Activity: Repeat exactly, and only, the lines of the entries below from the one with "D12 - How Come album cover" through the one with "Chevrolet Cruze LTZ Auto 2014", both ends included.

Entries provided:

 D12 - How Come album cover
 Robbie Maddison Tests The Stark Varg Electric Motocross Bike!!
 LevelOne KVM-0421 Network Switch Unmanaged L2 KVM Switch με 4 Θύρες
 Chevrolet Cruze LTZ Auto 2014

...

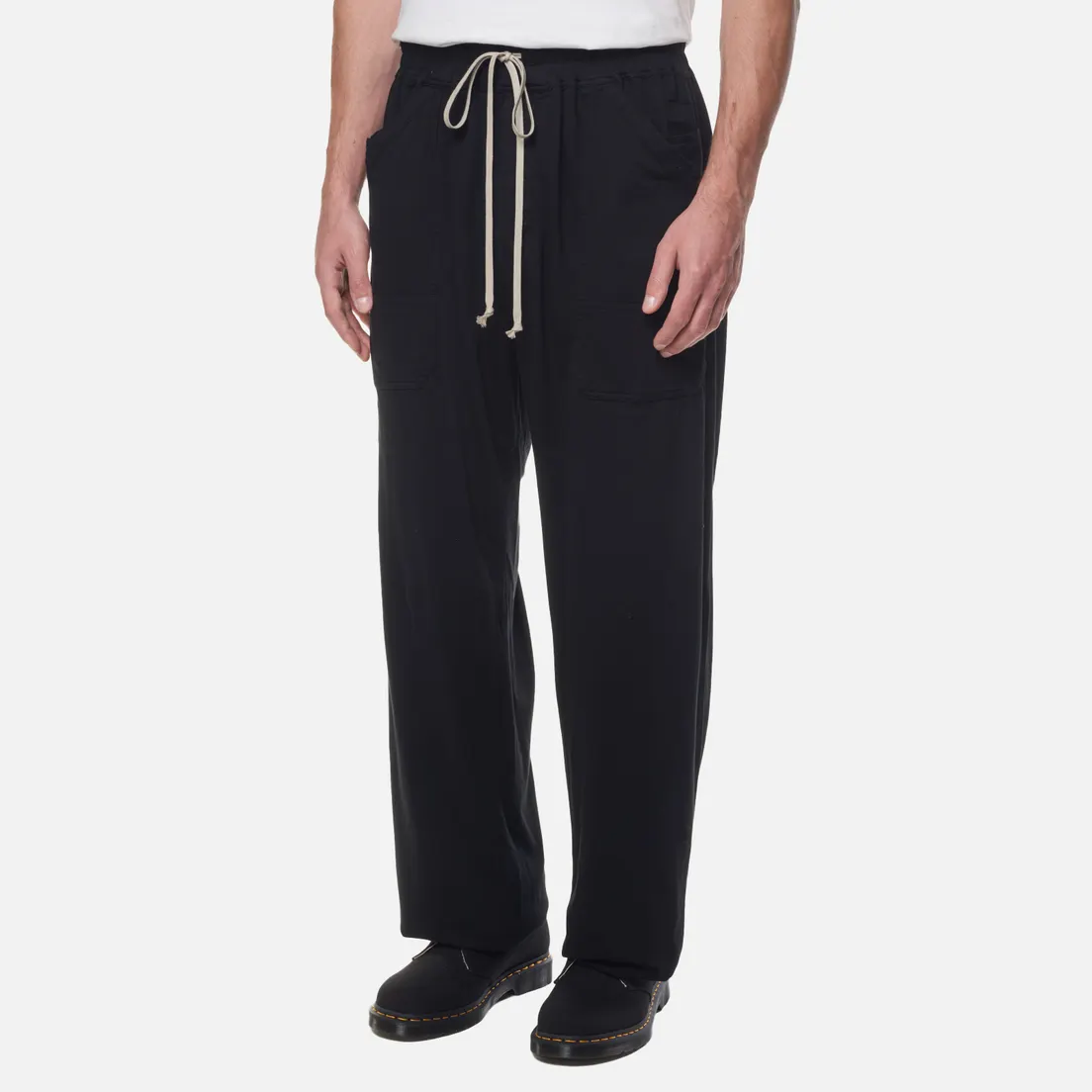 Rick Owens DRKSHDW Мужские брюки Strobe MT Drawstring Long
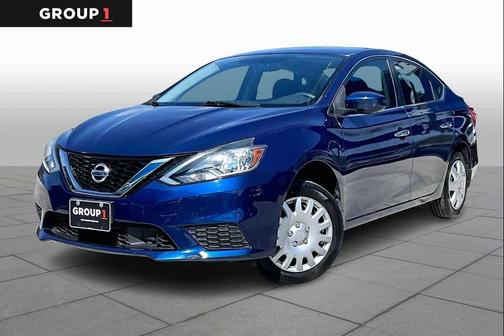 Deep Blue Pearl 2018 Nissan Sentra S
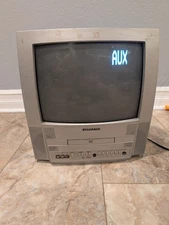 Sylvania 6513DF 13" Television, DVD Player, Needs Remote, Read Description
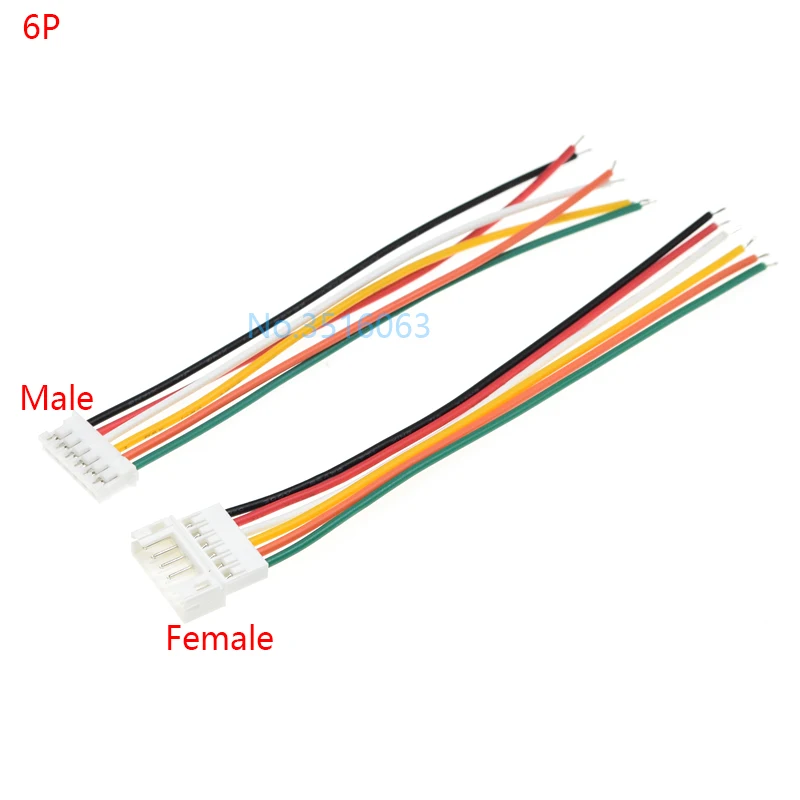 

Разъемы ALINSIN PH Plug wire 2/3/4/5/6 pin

Task response:
 D12 - How Come album cover
 Robbie Maddison Tests The Stark Varg Electric Motocross Bike!!
 LevelOne KVM-0421 Network Switch Unmanaged L2 KVM Switch με 4 Θύρες
 Chevrolet Cruze LTZ Auto 2014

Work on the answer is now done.